Web page caption snippets:
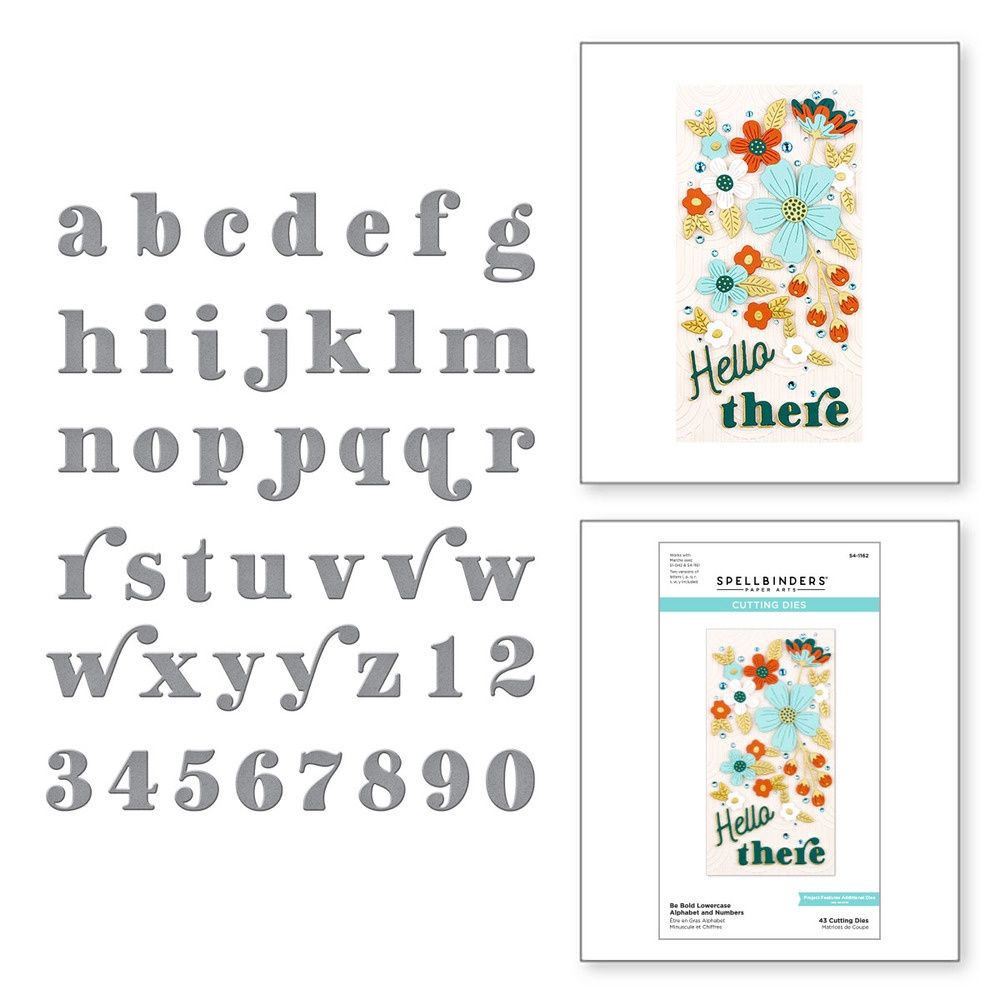 Spellbinders - Dies «Be Bold Lowercase Alphabet And Numbers» ensemble de 43 pièces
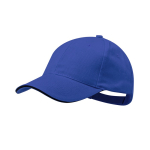 Gorra de algodón peinado de 6 paneles con detalle en la visera color azul segunda vista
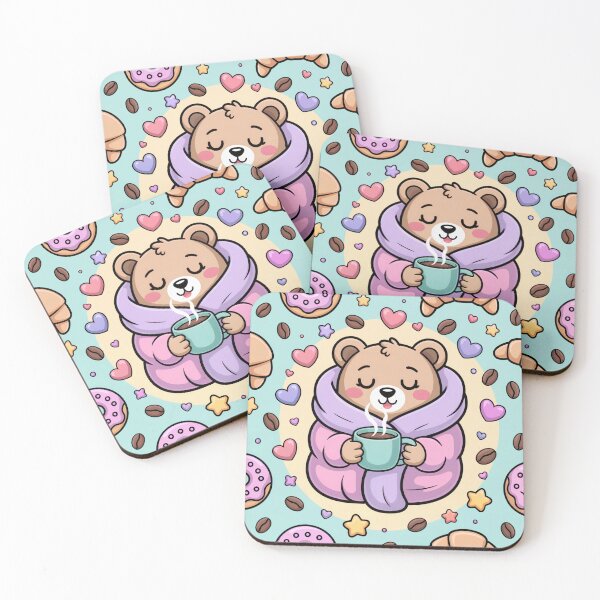 Item preview, Sleepy Bear Robe Coffee - Cute Cozy Bear with Donuts and Croissants designed and sold by YourSocialBae.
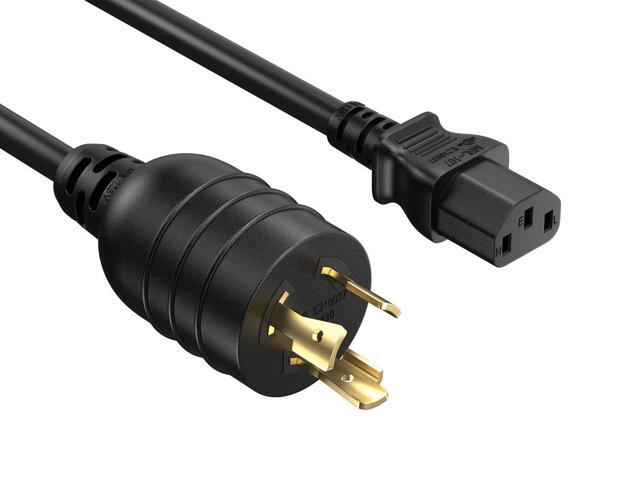 Cable Leader 12ft NEMA L5-20P to C13 Locking Power Cord, 14 AWG SJT 15A/125V, Black - Twist-Lock Server & PDU Power Cable, UL Listed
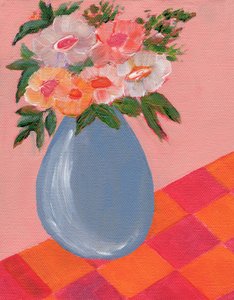 青い花瓶に飾られた色とりどりの花 作： Nikita Jariwala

__What is needed__
With the images excluded, output every record verbatim.

__Result below__
 Spellbinders - Dies «Be Bold Lowercase Alphabet And Numbers» ensemble de 43 pièces
 Gorra de algodón peinado de 6 paneles con detalle en la visera color azul segunda vista
 Item preview, Sleepy Bear Robe Coffee - Cute Cozy Bear with Donuts and Croissants designed and sold by YourSocialBae.
 Cable Leader 12ft NEMA L5-20P to C13 Locking Power Cord, 14 AWG SJT 15A/125V, Black - Twist-Lock Server & PDU Power Cable, UL Listed
 青い花瓶に飾られた色とりどりの花 作： Nikita Jariwala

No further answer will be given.